[Short web captions]

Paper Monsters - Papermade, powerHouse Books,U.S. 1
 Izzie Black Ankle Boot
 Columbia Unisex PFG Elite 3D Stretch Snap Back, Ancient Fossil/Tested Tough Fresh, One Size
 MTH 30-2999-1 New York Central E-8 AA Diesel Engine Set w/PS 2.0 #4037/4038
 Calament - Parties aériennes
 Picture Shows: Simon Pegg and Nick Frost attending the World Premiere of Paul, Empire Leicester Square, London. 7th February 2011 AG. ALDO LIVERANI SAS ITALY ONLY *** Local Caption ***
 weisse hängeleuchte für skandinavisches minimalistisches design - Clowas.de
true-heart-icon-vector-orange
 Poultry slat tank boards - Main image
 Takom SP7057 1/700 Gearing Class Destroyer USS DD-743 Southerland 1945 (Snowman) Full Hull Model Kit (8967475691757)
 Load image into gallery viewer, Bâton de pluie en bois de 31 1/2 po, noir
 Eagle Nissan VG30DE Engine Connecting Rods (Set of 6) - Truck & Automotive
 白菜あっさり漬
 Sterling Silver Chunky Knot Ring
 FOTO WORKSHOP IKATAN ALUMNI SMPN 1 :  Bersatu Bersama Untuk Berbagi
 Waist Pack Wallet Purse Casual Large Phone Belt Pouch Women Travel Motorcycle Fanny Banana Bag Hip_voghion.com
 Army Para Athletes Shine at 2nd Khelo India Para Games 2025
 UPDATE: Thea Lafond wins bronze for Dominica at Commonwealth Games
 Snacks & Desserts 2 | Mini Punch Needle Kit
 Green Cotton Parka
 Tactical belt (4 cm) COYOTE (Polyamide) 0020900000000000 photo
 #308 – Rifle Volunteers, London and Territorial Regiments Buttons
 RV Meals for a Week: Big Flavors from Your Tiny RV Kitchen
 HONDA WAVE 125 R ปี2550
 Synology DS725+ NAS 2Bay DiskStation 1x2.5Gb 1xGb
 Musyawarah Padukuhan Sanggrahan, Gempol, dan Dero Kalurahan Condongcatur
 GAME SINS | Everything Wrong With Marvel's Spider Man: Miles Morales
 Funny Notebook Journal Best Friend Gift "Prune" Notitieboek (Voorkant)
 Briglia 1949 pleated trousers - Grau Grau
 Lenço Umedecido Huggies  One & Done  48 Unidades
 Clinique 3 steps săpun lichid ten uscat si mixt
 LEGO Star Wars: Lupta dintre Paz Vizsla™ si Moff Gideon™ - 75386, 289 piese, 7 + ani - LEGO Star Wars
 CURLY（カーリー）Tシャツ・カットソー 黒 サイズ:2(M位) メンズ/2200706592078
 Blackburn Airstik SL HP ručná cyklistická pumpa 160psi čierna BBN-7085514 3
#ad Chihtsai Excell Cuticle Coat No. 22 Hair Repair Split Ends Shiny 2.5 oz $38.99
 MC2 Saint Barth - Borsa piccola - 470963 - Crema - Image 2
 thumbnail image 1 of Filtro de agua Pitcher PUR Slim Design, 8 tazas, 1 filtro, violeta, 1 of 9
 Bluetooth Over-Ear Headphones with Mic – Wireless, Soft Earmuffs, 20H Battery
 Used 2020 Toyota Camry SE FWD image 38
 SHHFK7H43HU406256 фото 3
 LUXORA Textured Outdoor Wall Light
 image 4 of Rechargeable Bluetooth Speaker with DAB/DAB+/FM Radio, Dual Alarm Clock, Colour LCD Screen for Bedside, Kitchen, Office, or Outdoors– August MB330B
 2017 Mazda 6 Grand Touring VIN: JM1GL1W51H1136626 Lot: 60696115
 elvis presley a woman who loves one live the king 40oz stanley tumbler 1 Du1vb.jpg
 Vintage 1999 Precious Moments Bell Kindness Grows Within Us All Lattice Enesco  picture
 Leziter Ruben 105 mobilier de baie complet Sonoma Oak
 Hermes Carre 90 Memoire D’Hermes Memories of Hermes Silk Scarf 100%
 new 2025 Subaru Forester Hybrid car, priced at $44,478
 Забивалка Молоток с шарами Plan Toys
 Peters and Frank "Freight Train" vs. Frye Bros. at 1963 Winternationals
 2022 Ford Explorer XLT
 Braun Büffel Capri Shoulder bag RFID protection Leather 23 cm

**REQUIRED ACTION**:
None of the records may be omitted or altered when they are given again.

**OUTPUT OF THE TASK**:
Paper Monsters - Papermade, powerHouse Books,U.S. 1
 Izzie Black Ankle Boot
 Columbia Unisex PFG Elite 3D Stretch Snap Back, Ancient Fossil/Tested Tough Fresh, One Size
 MTH 30-2999-1 New York Central E-8 AA Diesel Engine Set w/PS 2.0 #4037/4038
 Calament - Parties aériennes
 Picture Shows: Simon Pegg and Nick Frost attending the World Premiere of Paul, Empire Leicester Square, London. 7th February 2011 AG. ALDO LIVERANI SAS ITALY ONLY *** Local Caption ***
 weisse hängeleuchte für skandinavisches minimalistisches design - Clowas.de
true-heart-icon-vector-orange
 Poultry slat tank boards - Main image
 Takom SP7057 1/700 Gearing Class Destroyer USS DD-743 Southerland 1945 (Snowman) Full Hull Model Kit (8967475691757)
 Load image into gallery viewer, Bâton de pluie en bois de 31 1/2 po, noir
 Eagle Nissan VG30DE Engine Connecting Rods (Set of 6) - Truck & Automotive
 白菜あっさり漬
 Sterling Silver Chunky Knot Ring
 FOTO WORKSHOP IKATAN ALUMNI SMPN 1 :  Bersatu Bersama Untuk Berbagi
 Waist Pack Wallet Purse Casual Large Phone Belt Pouch Women Travel Motorcycle Fanny Banana Bag Hip_voghion.com
 Army Para Athletes Shine at 2nd Khelo India Para Games 2025
 UPDATE: Thea Lafond wins bronze for Dominica at Commonwealth Games
 Snacks & Desserts 2 | Mini Punch Needle Kit
 Green Cotton Parka
 Tactical belt (4 cm) COYOTE (Polyamide) 0020900000000000 photo
 #308 – Rifle Volunteers, London and Territorial Regiments Buttons
 RV Meals for a Week: Big Flavors from Your Tiny RV Kitchen
 HONDA WAVE 125 R ปี2550
 Synology DS725+ NAS 2Bay DiskStation 1x2.5Gb 1xGb
 Musyawarah Padukuhan Sanggrahan, Gempol, dan Dero Kalurahan Condongcatur
 GAME SINS | Everything Wrong With Marvel's Spider Man: Miles Morales
 Funny Notebook Journal Best Friend Gift "Prune" Notitieboek (Voorkant)
 Briglia 1949 pleated trousers - Grau Grau
 Lenço Umedecido Huggies  One & Done  48 Unidades
 Clinique 3 steps săpun lichid ten uscat si mixt
 LEGO Star Wars: Lupta dintre Paz Vizsla™ si Moff Gideon™ - 75386, 289 piese, 7 + ani - LEGO Star Wars
 CURLY（カーリー）Tシャツ・カットソー 黒 サイズ:2(M位) メンズ/2200706592078
 Blackburn Airstik SL HP ručná cyklistická pumpa 160psi čierna BBN-7085514 3
#ad Chihtsai Excell Cuticle Coat No. 22 Hair Repair Split Ends Shiny 2.5 oz $38.99
 MC2 Saint Barth - Borsa piccola - 470963 - Crema - Image 2
 thumbnail image 1 of Filtro de agua Pitcher PUR Slim Design, 8 tazas, 1 filtro, violeta, 1 of 9
 Bluetooth Over-Ear Headphones with Mic – Wireless, Soft Earmuffs, 20H Battery
 Used 2020 Toyota Camry SE FWD image 38
 SHHFK7H43HU406256 фото 3
 LUXORA Textured Outdoor Wall Light
 image 4 of Rechargeable Bluetooth Speaker with DAB/DAB+/FM Radio, Dual Alarm Clock, Colour LCD Screen for Bedside, Kitchen, Office, or Outdoors– August MB330B
 2017 Mazda 6 Grand Touring VIN: JM1GL1W51H1136626 Lot: 60696115
 elvis presley a woman who loves one live the king 40oz stanley tumbler 1 Du1vb.jpg
 Vintage 1999 Precious Moments Bell Kindness Grows Within Us All Lattice Enesco  picture
 Leziter Ruben 105 mobilier de baie complet Sonoma Oak
 Hermes Carre 90 Memoire D’Hermes Memories of Hermes Silk Scarf 100%
 new 2025 Subaru Forester Hybrid car, priced at $44,478
 Забивалка Молоток с шарами Plan Toys
 Peters and Frank "Freight Train" vs. Frye Bros. at 1963 Winternationals
 2022 Ford Explorer XLT
 Braun Büffel Capri Shoulder bag RFID protection Leather 23 cm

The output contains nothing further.